Only the lines from the start of the data to the line containing "Emergency Food Supply", both included, should be output, exactly and without pictures.

Saved data entries
────

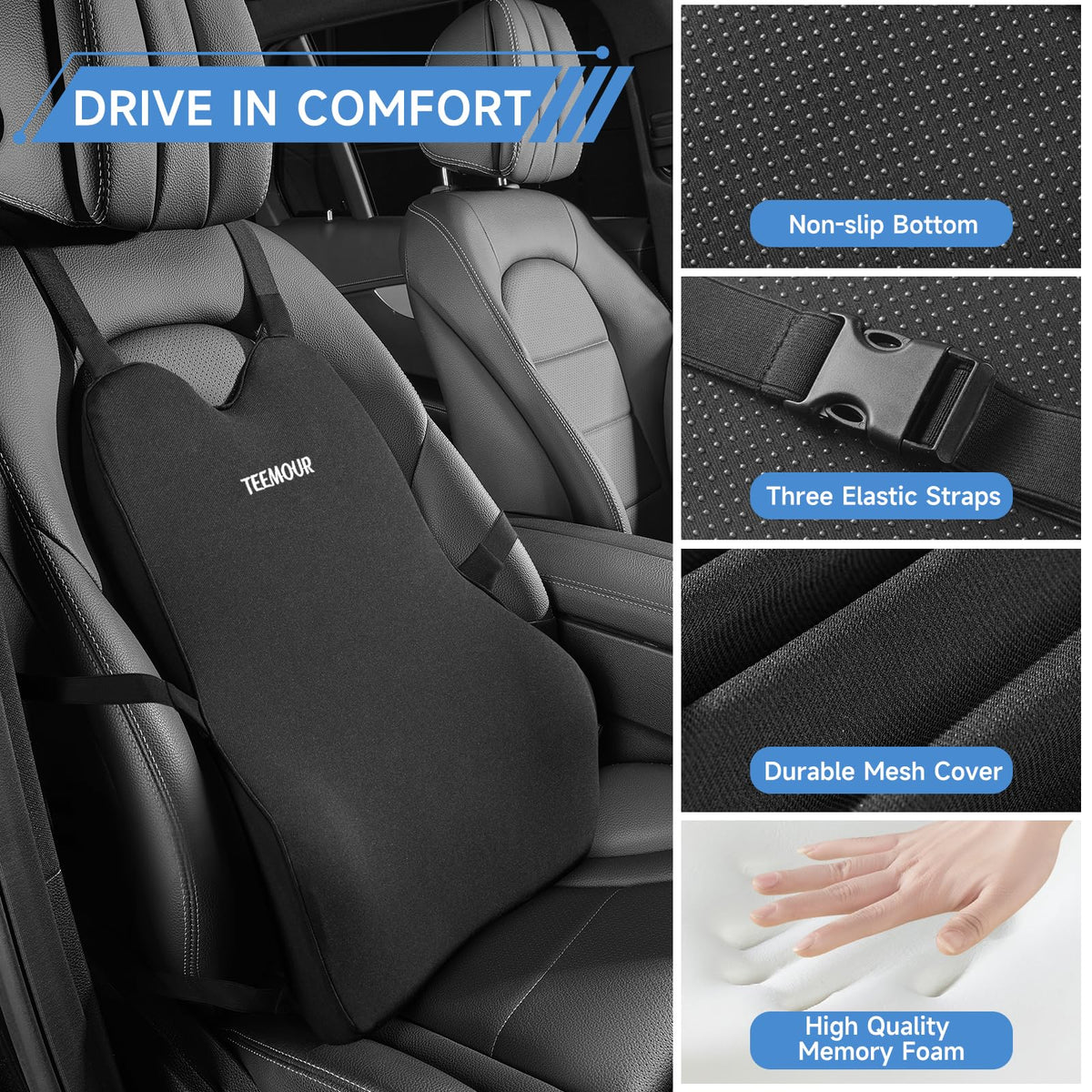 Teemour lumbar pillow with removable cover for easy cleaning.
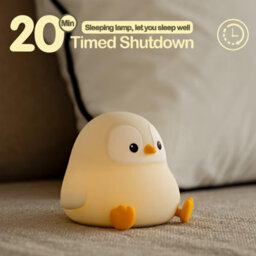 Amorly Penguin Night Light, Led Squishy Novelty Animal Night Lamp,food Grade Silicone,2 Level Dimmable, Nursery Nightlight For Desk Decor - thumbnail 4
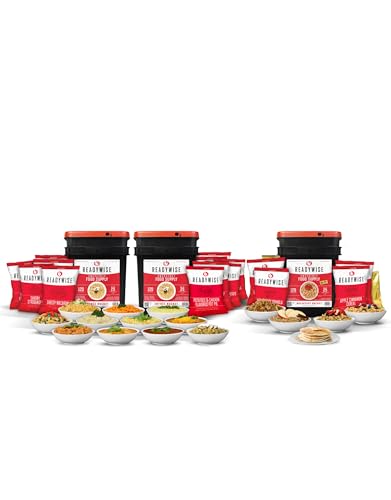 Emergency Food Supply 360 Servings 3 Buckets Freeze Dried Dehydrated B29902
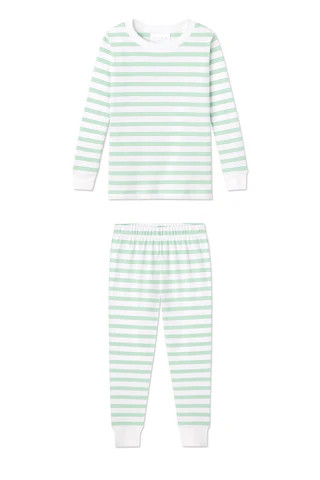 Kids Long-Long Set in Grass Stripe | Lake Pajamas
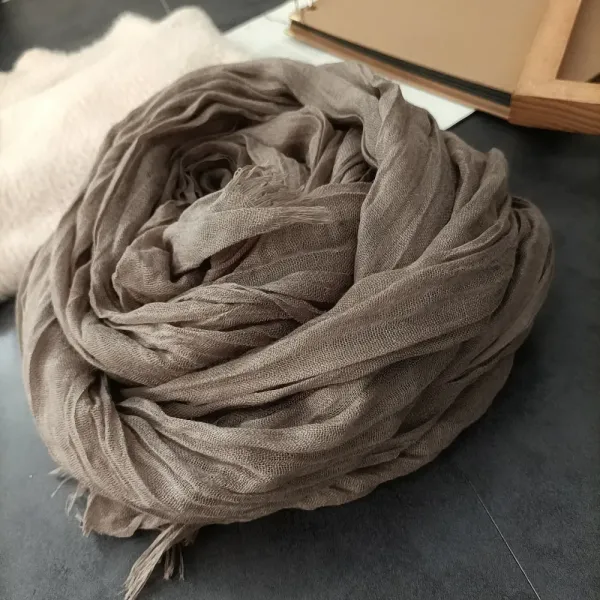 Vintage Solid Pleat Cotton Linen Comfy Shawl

────

ANSWER AREA:
 Teemour lumbar pillow with removable cover for easy cleaning.
 Amorly Penguin Night Light, Led Squishy Novelty Animal Night Lamp,food Grade Silicone,2 Level Dimmable, Nursery Nightlight For Desk Decor - thumbnail 4
 Emergency Food Supply 360 Servings 3 Buckets Freeze Dried Dehydrated B29902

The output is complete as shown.